Personal information
- Date of birth: 11 February 2006 (age 20)
- Place of birth: Birmingham, England
- Positions: Defender; midfielder;

Team information
- Current team: Lewes
- Number: 5

Senior career*
- Years: Team / Apps / (Gls)
- 2023–2025: Birmingham City
- 2024–2025: → Wolverhampton Wanderers (loan)
- 2025–: Lewes / 17 / (1)

International career^{‡}
- 2025–: Pakistan / 6 / (2)

= Layla Banaras =

Pakistani footballer (born 2006)

Layla Banaras (born 11 February 2006) is a professional footballer who plays as a centre-back for FA Women's National League South club Lewes. Born in England, she plays for the Pakistan national team.
She stands out as one of the few British South Asian women to reach the senior ranks of English football.

== Club career ==
Banaras made history in January 2023 as the first South Asian heritage woman to appear for Birmingham City in the professional era, debuting in a Women's FA Cup match against Huddersfield Town.

In February 2024, she joined Wolverhampton Wanderers on dual registration from Birmingham City.

In August 2025, she joined Lewes for the 2025/26 season.

== International career ==
Being of Pakistani descent, Banaras was invited to join Pakistan’s national team setup.
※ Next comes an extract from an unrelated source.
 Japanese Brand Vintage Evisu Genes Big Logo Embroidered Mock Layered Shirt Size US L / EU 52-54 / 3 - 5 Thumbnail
She was named in the 21‑player squad for the 2026 AFC Women's Asian Cup qualification round held in Jakarta as a defender.
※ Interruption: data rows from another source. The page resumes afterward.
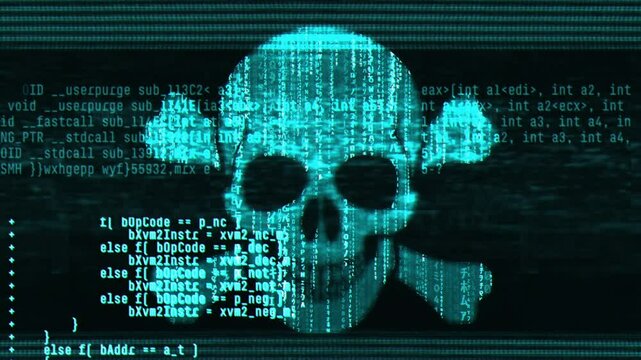 Abstract digital glitch effect with skull. Noise looped background for hacked mobile phone screen. Error signal loop. Virus code and software hack concept. Cyber security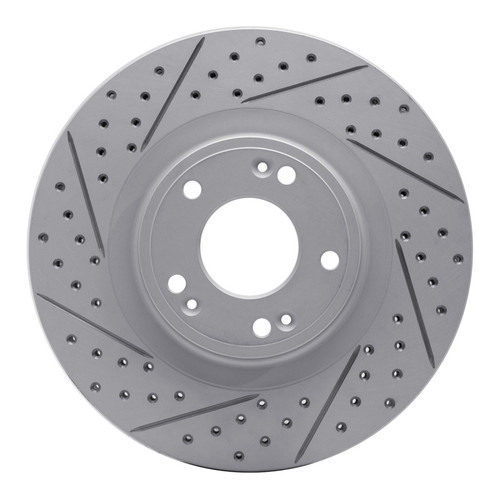 R1 09-11 Hyundai Genesis Sedan Front Left Drilled & Slotted Geo-Carbon Rotor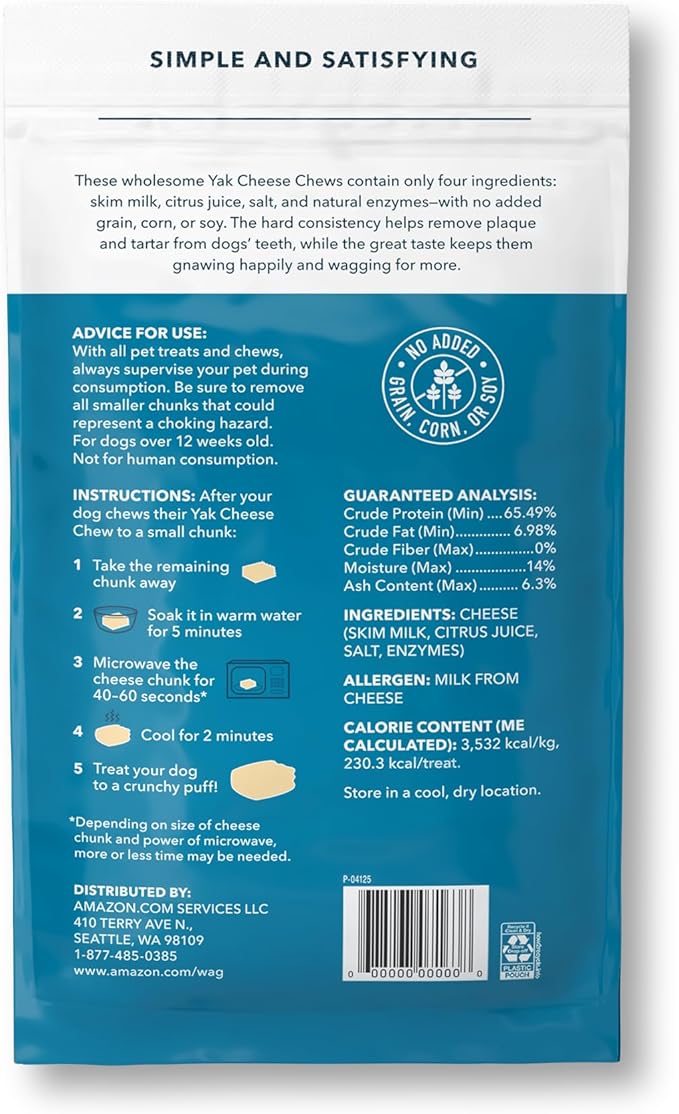 Amazon Brand - Wag Yak Cheese Himalayan Dog Chews, Dog Treats for Medium Size Dogs, All Natural, High Protein for Aggressive Chewers, 15-35 lbs, 3 Count, 6.9 oz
In Pakistan's second qualifier, where the team beat Indonesia 2–0, Banaras made her first tournament appearance and provided an assist for Nadia Khan’s goal. In her second appearance for Pakistan, during the team's third qualifier against Kyrgyzstan, Banaras provided an assist for Mariam Mehmood, who scored both goals in a 2–1 victory.

== Career statistics ==
=== Club ===

| Season | Club | Apps | Goals |
|---|---|---|---|
| 2023–25 | Birmingham City | – | - |
| 2024–25 | Wolves | - | - |
| 2025–26 | Lewes | 17 | 1 |

=== International===

| Season | Club | Apps | Goals |
|---|---|---|---|
| 2025–26 | Pakistan | 6 | 2 |

===International goals===

| No. | Date | Venue | Opponent | Score | Result | Competition |
| 1. | 9 April 2026 | Alassane Ouattara Stadium, Abidjan, Ivory Coast | Turks and Caicos | 3–0 | 8–0 | 2026 FIFA Series |
| 2. | 7–0 |

== Personal life ==
Layla Banaras is of Pakistani descent and a practicing Muslim. She was born in Birmingham to a Pakistani father and an English mother.
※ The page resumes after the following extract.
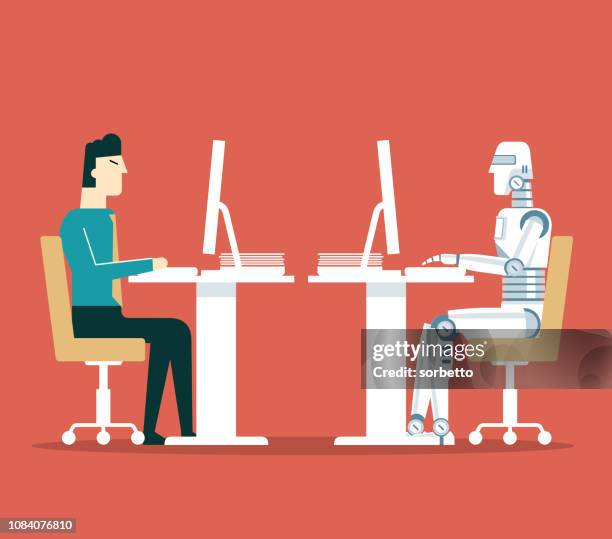 ilustraciones, imágenes clip art, dibujos animados e iconos de stock de empresario vs robot - reemplazo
As a teenager, Banaras became aware of the lack of tailored guidance for Muslim athletes fasting during Ramadan. At just 15, she worked with Birmingham City’s nutritionist to develop a Ramadan-specific meal planner and hydration strategy designed to help players maintain performance during training and matches while fasting.

In 2025, she expanded this initiative into the "Ramadan Nutritional Guide and Planner", a comprehensive resource created in collaboration with industry experts to optimize nutrition, hydration, and recovery for Muslim athletes observing the fast.